··· Material for the task

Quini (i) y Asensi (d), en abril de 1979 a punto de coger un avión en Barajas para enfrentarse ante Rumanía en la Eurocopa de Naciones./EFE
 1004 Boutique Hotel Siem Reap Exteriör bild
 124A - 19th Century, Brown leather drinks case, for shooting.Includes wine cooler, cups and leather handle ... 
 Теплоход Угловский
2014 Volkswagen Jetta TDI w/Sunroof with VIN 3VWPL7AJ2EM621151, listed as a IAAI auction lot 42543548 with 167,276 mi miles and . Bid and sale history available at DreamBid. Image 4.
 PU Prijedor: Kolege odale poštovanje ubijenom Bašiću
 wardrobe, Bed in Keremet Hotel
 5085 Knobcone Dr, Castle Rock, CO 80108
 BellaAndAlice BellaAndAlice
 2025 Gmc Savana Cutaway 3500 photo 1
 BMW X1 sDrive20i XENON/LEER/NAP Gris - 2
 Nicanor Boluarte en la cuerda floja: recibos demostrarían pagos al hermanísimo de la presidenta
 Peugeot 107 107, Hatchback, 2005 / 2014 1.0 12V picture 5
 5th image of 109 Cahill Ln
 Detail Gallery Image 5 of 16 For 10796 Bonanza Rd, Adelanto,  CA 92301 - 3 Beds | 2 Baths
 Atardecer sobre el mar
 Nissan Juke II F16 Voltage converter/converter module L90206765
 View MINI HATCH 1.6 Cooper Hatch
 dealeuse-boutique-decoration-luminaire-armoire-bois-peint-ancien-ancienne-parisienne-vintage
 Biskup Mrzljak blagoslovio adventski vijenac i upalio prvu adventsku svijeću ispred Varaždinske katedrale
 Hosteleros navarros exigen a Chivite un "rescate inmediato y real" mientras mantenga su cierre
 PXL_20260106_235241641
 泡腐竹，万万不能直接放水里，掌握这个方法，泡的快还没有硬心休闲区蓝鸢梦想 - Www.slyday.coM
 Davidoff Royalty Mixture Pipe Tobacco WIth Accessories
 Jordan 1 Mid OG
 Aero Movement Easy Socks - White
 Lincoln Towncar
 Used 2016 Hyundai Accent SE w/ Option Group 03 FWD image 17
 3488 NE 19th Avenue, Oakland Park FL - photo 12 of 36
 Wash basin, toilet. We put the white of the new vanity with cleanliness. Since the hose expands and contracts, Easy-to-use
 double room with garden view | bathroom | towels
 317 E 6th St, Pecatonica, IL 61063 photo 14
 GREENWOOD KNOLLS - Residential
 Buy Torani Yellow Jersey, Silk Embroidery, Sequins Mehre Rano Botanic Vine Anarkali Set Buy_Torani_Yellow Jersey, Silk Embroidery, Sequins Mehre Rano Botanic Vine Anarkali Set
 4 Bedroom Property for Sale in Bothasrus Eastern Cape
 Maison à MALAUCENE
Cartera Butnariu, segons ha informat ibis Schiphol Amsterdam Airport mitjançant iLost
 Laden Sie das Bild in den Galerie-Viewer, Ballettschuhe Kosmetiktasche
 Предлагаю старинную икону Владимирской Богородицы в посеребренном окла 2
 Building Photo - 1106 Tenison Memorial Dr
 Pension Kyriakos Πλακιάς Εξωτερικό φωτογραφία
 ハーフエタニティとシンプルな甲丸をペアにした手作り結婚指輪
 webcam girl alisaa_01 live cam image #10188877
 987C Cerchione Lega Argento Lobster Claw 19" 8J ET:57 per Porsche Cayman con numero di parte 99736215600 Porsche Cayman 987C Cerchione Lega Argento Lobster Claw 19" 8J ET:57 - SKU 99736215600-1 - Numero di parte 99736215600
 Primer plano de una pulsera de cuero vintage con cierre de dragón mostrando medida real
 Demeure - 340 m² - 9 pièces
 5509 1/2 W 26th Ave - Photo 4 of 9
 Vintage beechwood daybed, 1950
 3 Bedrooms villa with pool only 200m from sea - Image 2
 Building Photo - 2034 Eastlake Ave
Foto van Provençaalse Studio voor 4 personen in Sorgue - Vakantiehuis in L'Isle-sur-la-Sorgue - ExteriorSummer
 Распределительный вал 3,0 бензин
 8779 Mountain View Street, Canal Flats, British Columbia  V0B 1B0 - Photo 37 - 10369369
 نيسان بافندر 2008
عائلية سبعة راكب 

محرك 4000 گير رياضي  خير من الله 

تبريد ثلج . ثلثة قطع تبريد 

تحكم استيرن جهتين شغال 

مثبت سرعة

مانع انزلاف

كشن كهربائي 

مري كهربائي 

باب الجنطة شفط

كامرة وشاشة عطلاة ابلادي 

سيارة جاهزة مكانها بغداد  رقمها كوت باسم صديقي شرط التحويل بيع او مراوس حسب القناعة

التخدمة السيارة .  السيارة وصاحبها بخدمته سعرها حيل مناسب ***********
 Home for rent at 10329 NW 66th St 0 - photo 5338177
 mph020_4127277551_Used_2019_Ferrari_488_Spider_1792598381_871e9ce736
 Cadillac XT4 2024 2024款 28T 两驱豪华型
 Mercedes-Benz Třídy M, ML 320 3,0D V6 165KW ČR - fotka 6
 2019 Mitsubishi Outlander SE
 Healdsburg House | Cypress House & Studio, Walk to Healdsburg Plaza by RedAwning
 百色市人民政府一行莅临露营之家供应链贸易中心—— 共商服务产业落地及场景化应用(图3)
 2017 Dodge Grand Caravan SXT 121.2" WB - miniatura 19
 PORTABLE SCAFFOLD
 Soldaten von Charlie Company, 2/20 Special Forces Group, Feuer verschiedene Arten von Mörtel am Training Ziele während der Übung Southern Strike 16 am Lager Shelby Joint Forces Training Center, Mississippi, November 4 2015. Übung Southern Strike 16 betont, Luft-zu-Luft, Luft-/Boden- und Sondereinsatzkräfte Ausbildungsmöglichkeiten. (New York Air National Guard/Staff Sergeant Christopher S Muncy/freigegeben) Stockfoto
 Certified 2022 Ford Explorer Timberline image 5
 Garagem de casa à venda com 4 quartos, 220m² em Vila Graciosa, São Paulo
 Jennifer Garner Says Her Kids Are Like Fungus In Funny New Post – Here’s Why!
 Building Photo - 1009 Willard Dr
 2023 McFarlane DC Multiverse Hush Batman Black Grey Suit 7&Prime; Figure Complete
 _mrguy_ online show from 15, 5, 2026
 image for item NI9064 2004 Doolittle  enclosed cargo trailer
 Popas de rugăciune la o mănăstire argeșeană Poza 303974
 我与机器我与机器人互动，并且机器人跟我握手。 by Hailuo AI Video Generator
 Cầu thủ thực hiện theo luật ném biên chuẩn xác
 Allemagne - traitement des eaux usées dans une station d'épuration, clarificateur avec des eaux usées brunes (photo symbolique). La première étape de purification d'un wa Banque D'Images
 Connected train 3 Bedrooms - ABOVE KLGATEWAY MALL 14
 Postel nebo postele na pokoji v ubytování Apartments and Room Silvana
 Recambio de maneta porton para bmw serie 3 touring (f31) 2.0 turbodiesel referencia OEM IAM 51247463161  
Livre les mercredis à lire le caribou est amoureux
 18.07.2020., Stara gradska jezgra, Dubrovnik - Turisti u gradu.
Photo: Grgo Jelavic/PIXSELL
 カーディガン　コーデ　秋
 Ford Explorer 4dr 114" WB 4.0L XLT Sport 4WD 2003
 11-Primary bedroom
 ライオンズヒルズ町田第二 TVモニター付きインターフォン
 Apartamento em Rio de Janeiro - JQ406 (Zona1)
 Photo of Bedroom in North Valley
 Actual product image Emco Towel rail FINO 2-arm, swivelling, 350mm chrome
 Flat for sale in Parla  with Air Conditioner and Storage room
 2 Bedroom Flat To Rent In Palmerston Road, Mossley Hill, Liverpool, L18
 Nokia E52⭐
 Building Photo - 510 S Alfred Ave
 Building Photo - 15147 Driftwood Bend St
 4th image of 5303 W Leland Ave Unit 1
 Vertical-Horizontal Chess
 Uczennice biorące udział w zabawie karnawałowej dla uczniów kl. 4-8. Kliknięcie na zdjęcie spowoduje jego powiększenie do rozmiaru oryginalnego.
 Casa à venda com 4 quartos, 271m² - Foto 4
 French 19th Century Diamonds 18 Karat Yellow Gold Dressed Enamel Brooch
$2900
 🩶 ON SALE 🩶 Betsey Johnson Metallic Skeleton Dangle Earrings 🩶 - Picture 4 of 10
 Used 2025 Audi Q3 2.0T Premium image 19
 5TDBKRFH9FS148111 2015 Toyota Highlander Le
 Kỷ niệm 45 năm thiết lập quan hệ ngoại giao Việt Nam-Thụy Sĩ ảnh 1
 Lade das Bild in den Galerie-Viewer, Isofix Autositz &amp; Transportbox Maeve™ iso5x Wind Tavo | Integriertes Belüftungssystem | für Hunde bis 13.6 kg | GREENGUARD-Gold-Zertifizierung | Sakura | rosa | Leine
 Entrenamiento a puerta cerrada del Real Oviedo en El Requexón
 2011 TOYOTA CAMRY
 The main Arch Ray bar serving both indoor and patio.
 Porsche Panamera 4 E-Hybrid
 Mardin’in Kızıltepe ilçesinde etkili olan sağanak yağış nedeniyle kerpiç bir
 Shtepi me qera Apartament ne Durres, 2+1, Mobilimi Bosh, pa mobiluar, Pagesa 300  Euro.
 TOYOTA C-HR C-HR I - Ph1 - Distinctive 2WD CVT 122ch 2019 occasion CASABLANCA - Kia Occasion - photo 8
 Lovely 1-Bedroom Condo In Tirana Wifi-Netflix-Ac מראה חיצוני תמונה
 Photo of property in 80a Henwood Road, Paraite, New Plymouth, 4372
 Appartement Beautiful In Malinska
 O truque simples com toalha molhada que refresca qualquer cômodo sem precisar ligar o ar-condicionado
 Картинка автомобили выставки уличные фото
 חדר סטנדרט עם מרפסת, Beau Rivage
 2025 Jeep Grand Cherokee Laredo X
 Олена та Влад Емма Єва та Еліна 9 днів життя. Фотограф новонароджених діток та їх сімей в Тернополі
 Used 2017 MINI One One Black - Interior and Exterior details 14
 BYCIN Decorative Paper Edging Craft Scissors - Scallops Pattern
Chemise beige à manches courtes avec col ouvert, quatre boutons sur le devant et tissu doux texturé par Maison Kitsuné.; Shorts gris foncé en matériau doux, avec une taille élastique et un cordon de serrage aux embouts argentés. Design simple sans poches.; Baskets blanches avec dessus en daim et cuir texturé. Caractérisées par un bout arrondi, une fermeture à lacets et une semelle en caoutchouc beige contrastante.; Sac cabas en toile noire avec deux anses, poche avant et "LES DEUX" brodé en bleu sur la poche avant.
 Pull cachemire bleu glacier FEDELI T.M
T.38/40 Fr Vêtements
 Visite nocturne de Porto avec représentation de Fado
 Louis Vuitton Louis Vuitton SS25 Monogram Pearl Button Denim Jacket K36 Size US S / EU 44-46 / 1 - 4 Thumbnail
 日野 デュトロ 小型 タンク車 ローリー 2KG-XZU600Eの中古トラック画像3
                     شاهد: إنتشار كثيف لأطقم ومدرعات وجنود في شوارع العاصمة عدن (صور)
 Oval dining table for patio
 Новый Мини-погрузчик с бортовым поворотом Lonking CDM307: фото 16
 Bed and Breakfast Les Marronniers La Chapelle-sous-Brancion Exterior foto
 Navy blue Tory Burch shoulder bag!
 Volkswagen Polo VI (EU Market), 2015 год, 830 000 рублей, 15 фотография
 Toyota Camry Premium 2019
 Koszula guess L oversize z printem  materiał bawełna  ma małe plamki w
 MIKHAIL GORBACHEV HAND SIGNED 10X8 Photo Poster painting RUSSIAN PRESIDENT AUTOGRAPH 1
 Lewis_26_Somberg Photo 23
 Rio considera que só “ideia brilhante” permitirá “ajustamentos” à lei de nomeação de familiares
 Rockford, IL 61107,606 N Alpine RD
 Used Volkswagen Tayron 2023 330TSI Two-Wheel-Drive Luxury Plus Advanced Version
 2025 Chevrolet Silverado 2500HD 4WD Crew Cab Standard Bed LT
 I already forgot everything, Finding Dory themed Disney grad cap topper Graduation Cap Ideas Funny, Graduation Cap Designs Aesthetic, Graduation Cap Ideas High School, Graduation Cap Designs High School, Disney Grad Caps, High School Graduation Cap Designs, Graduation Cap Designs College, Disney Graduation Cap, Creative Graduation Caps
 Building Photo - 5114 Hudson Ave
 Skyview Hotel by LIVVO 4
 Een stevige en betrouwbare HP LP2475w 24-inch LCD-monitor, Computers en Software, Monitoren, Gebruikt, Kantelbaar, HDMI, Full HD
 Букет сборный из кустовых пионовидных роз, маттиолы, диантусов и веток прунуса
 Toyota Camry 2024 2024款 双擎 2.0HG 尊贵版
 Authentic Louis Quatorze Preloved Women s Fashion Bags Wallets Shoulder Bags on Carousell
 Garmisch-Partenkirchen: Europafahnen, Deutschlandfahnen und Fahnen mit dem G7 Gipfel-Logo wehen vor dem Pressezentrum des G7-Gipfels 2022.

······

▸ Assignment
Copy the lines of the data above exactly as written, beginning with the line containing "חדר סטנדרט עם מרפסת, Beau Rivage" and ending with the line containing "Navy blue Tory Burch shoulder bag!", and leave out all other lines.

▸ Answer for this exercise
 חדר סטנדרט עם מרפסת, Beau Rivage
 2025 Jeep Grand Cherokee Laredo X
 Олена та Влад Емма Єва та Еліна 9 днів життя. Фотограф новонароджених діток та їх сімей в Тернополі
 Used 2017 MINI One One Black - Interior and Exterior details 14
 BYCIN Decorative Paper Edging Craft Scissors - Scallops Pattern
Chemise beige à manches courtes avec col ouvert, quatre boutons sur le devant et tissu doux texturé par Maison Kitsuné.; Shorts gris foncé en matériau doux, avec une taille élastique et un cordon de serrage aux embouts argentés. Design simple sans poches.; Baskets blanches avec dessus en daim et cuir texturé. Caractérisées par un bout arrondi, une fermeture à lacets et une semelle en caoutchouc beige contrastante.; Sac cabas en toile noire avec deux anses, poche avant et "LES DEUX" brodé en bleu sur la poche avant.
 Pull cachemire bleu glacier FEDELI T.M
T.38/40 Fr Vêtements
 Visite nocturne de Porto avec représentation de Fado
 Louis Vuitton Louis Vuitton SS25 Monogram Pearl Button Denim Jacket K36 Size US S / EU 44-46 / 1 - 4 Thumbnail
 日野 デュトロ 小型 タンク車 ローリー 2KG-XZU600Eの中古トラック画像3
                     شاهد: إنتشار كثيف لأطقم ومدرعات وجنود في شوارع العاصمة عدن (صور)
 Oval dining table for patio
 Новый Мини-погрузчик с бортовым поворотом Lonking CDM307: фото 16
 Bed and Breakfast Les Marronniers La Chapelle-sous-Brancion Exterior foto
 Navy blue Tory Burch shoulder bag!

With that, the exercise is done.